Por sus Aguafuertes , la popular columna que escribió desde 1928, se destilaron sus temas: su ácida mirada sobre el amor y la política, el dinero, la traición, las ciencias ocultas, las modificaciones en el paisaje de la ciudad, con sus “chimeneas de carbón”, “sus “torres de transformadores de alta tensión” y las nuevas fantasías y delirios de sus habitantes. Autor de novelas centrales de la literatura argentina y de relatos como los de El criador de gorilas (1941), Arlt también se destacó como dramaturgo, llevando adelante él mismo muchas de sus puestas en el Teatro del Pueblo: obras como África , en 1938.

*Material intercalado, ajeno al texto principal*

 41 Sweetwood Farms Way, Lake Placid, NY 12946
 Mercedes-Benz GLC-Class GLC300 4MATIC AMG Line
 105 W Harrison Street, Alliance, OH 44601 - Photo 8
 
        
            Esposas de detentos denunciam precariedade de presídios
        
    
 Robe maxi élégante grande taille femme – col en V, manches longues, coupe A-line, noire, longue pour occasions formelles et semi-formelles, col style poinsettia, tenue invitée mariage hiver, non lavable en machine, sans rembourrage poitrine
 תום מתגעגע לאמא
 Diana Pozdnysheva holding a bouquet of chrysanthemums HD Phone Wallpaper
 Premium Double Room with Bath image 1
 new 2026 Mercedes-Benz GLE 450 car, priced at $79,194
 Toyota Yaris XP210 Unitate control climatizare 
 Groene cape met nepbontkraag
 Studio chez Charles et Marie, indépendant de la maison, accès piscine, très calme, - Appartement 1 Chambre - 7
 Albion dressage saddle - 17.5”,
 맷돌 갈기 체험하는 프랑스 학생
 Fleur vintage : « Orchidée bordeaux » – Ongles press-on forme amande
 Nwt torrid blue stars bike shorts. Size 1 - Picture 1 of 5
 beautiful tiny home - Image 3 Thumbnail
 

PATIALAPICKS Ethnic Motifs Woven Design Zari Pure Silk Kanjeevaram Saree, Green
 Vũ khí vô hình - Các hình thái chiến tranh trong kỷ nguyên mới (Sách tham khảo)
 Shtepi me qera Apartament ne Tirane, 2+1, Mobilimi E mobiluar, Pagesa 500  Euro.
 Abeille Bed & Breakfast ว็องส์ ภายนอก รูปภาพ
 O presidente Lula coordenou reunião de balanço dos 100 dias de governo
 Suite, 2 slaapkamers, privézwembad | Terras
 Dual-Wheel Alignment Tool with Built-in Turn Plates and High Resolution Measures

Como si todavía siguiera escribiendo, con los años su obra se ha agigantado. Es un ineludible punto de referencia para escritores y críticos como David Viñas, Adolfo Prieto, Oscar Masotta, Horacio González, Alan Pauls. Entre los libros sobre Arlt más importantes de los últimos años se destaca Arlt va al cine de Patricio Fontana (2009), un exquisito paseo por las películas y los cines que alimentaron su escritura.
Como crítico, siempre simulaba evitar los bultos de la historia: ir a la trama, destacar la actuación de un actor y esos aspectos que entran en los afiches. Él sencillamente veía otras cosas. Reparaba en algo que aparecía perdido en algún ángulo de la pantalla, y tenía un “caprichoso” sistema para distinguir entre las buenas y las malas películas. Esto le valió que lo terminaran enviando a reseñar las películas de Clase B, acaso las que más le gustaban. Con esa mirada desviada también leía. Y también interpeló a los acontecimientos de su época. Fue el suyo el tiempo violento de entreguerras y el de “la década infame”. Como periodista, en 1931 le tocó “presenciar” el fusilamiento del militante anarquista Severino di Giovanni. Prefirió centrarse en la cara de los que, humillados por la dignidad del condenado ante el pelotón, sólo atinaban a ponerse pálidos y a morderse los labios. El grito de di Giovanni antes de morir contrastaba para él con el frac, los zapatos de baile, la galera de uno de los espectadores. Un tiempo después Arlt lo puso a di Giovanni como personaje de una de sus novelas. Narrar para él también era saber elidir. Podría decirse que su mirada desenfocaba, pero no: enfocaba bien, lo hacía en los pequeños lugares, recalaba en ese detalle apenas perceptible y en el que siempre se acurruca el corazón mínimo de la verdad. Viajó por el interior, por Uruguay y Brasil, y más tarde por España y Marruecos. Escribió sobre todo. Y cuando estuvo a punto de caer en algún precipicio saltó sobre las cosas del mundo con su mirada incisiva capaz de identificar de un solo golpe de ojo cosas que para muchos parasarían desapercibidas.
Cuando alguna vez le preguntaron cuál era el escritor más importante de su generación, Arlt se nombró a sí mismo. Hoy sabemos que fue bastante modesto: venía de otra parte y vio las cosas que sus contemporáneos no.